Creating an EMC Isilon SmartLock target
Follow the steps below to create a new Verba storage target for EMC Isilon SmartLock:
Step 1 - Open the Verba Web interface then select Data Management > Storage targets from the top menu.
Step 2 - Click on Add New Storage Target
Step 3 - Fill out the configuration form according to the requirements in the following table.

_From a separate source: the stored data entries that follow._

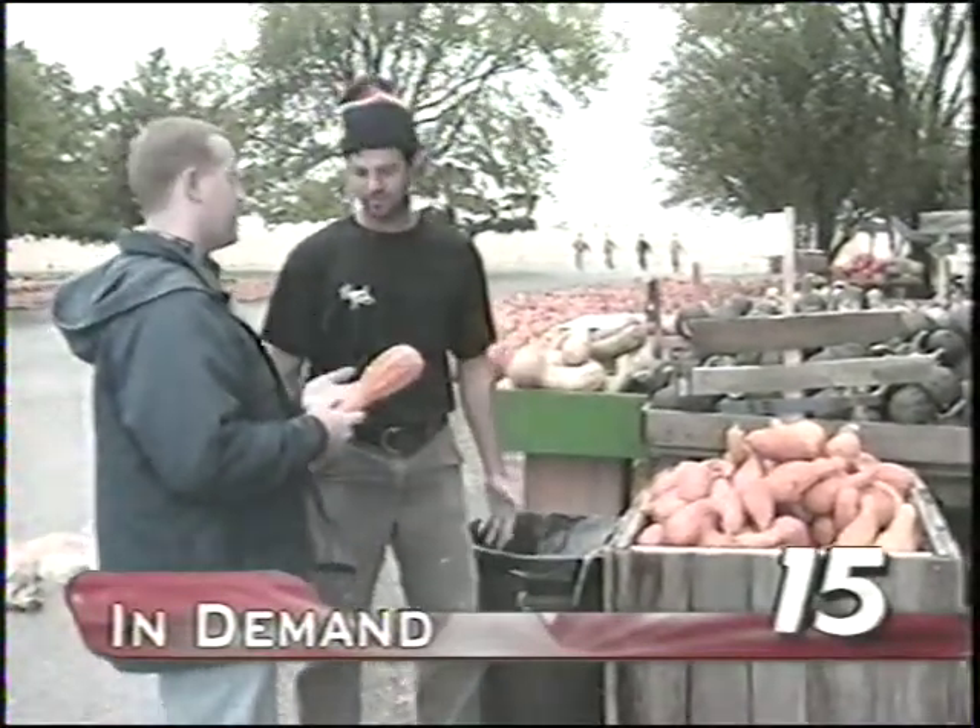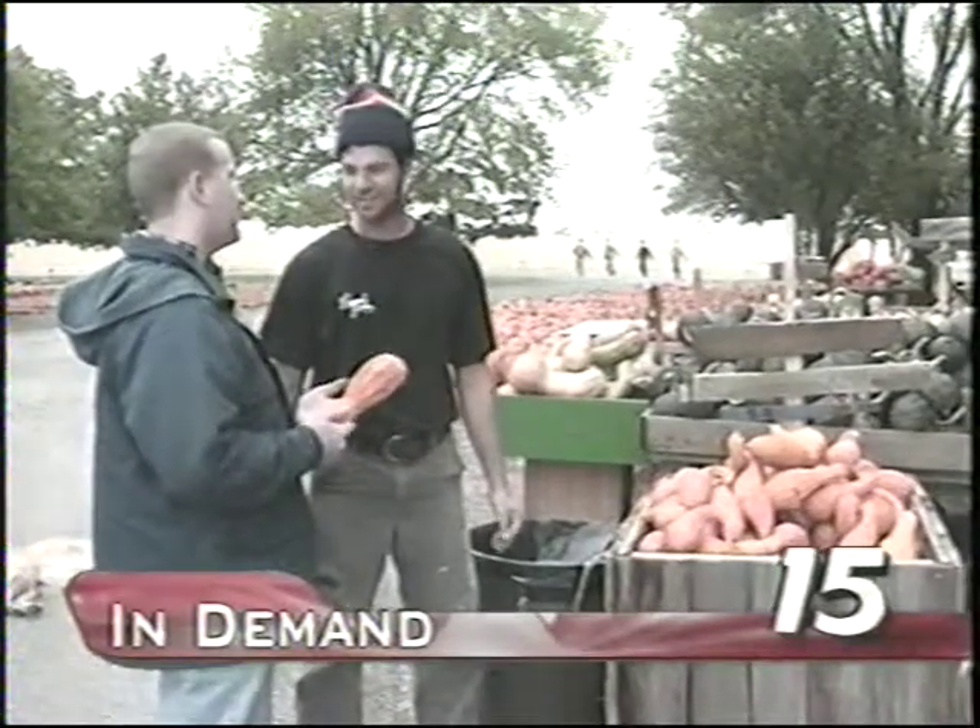Whether you call it a sword squash or a pumpkin, they are in demand. Halloween is only three weeks from today, and for many, it's tradition to get pumpkins right from the patch. News Channel 15's Mark Welp has a unique look at some lesser-known Halloween symbols.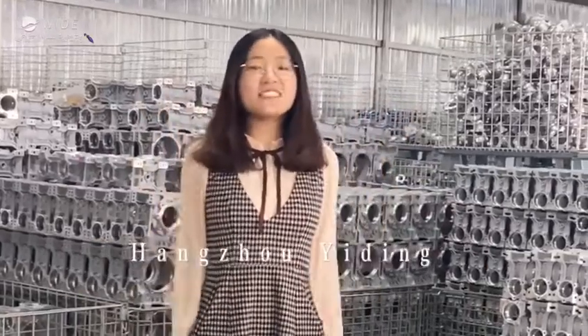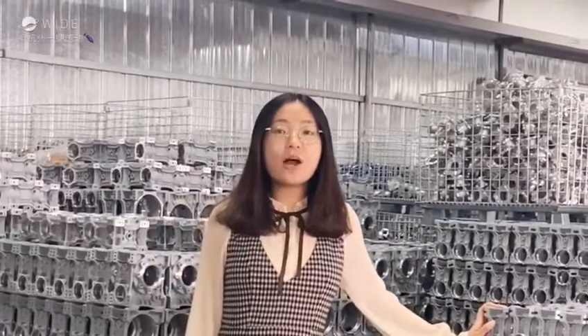Hello everyone, this is Jessica from Hongzhou ED. It is my pleasure to show you our workshop. Now, please follow me.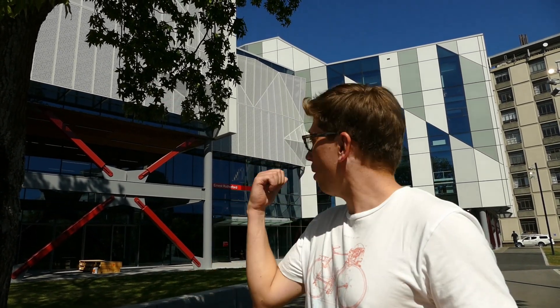Hi, I'm Leon. I'm a third year Bachelor of Science student here at UC studying Geography and Environmental Science. I'm here to show you routes and introduce you to a few people. Behind me is Ernest Rutherford Building — that's the heart of science at UC. So let's go take a look.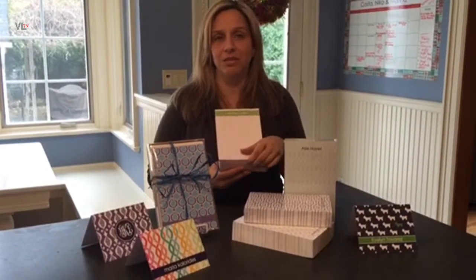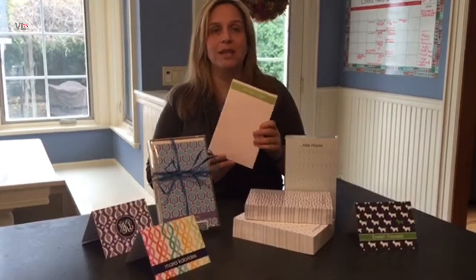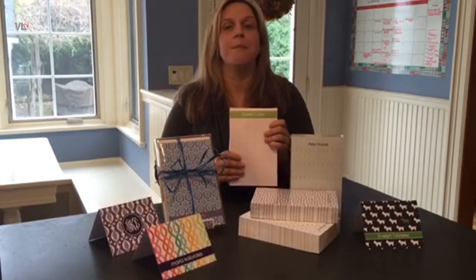These notepads are fantastic not only because they have a ton of sheets of paper and you can keep writing notes infinitely, but also because the patterns are fantastic and unique, and it's really fun to keep notes on something so bright and lively. We have many, many designs on the website so please take a look at everything we have there.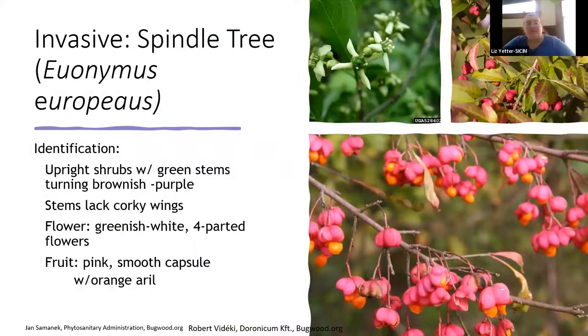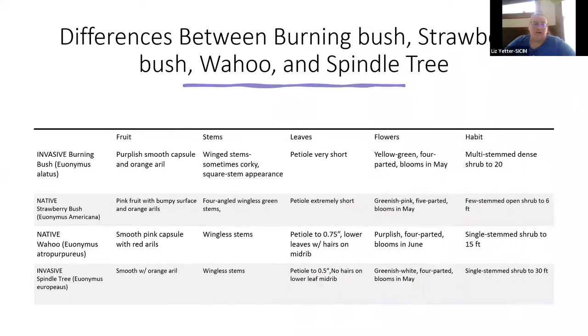A less familiar invasive is spindle tree, also a euonymus. We don't have a good picture of its full extent in Indiana, but we do know it is in the state. Unlike burning bush, it does not have those corky wings on the branches. It does have a similar-shaped fruit, but the capsule is pink with an orange aril inside. It grows more upright in a tree shape rather than as a multi-stem shrub. Coming up next is a comparison chart between invasive euonymus species and our two native varieties: strawberry bush and eastern wahoo.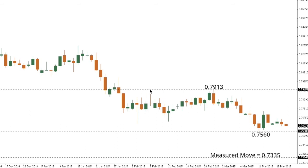Aussie/Dollar remains locked within its well-defined downtrend, recently consolidating latest declines. A break back below the March 11th multi-year lows at 0.7560 would open the door for the next downside extension, with the market eventually seen towards a measured move objective at 0.7335. At this point, any rally should be very well capped ahead of 0.78, while only back above 0.7913 would compromise the bearish outlook.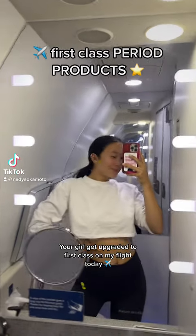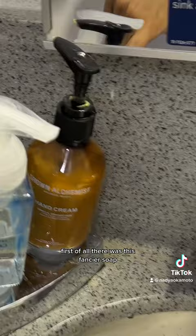A girl got upgraded to first class on my flight today, and I had to check the first class bathroom for period products. First of all, there was this fancier soap and these random, kind of sketchy-looking pouches of coffee fragrance. Step one: locate the incorrect gender sign — that is not gender inclusive.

Configuration item | Description |
---|---|
Name | Name your storage target. This name will identify this target across the system. |
Type | Select EMC Isilon SmartLock |
Path | Specify the path where the storage is accessible in the Windows file system (UNC path) |
API URL | Specify the EMC Isilon SmartLock specific share path |
API User | User name of the API user configured for Verba access in EMC Isilon SmartLock |
API Password | Password of the API user configured for Verba access in EMC Isilon SmartLock |
Step 4 - Click Save to save the settings
After this point, the storage target is available for use by other Verba components (e.g. Data retention policies).
Configuring SSL certificates for the API connection
EMC Isilon SmartLock can be configured to accept SSL connections from trusted sources only. You can configure the trusted and signed certificates used by the Verba system on the servers directly. If you intend to use multiple EMC Isilon SmartLock systems for Verba, you need to use the same certificates for all, because it is a server-side setting in the Verba system. By default, Verba uses its own self-signed certificates for the SSL connection.
Follow the steps below to configure the certificates.
Step 1 - Copy the X.509 certificate and key files to the Verba server
Step 2 - Navigate to the System / Servers
Step 3 - Click on the Verba server you would like to configure
Step 4 - Click on the Change Configuration Settings tab
Step 5 - Open the Storage Management / Upload Targets / EMC Isilon SmartLock tree on a Verba Recording Server or the Storage Management / Storage Targets / EMC Isilon SmartLock tree on a Verba Media Repository server or on a Verba Media Repository and Recording Server
Step 6 - Configure a trusted custom X.509 certificate for the connection
Step 7 - Click the Save icon and follow the instructions on the page to apply the configuration on the server
Step 8 - Repeat the steps above on all Verba servers where you move files to EMC Isilon SmartLock
Using custom credentials for accessing file share (available from Verba 8.5)
It is possible to use credentials other than the service user for each EMC Isilon SmartLock storage. If you want to use custom credentials, check the "Use custom credentials for accessing the file share" checkbox, then provide the credentials.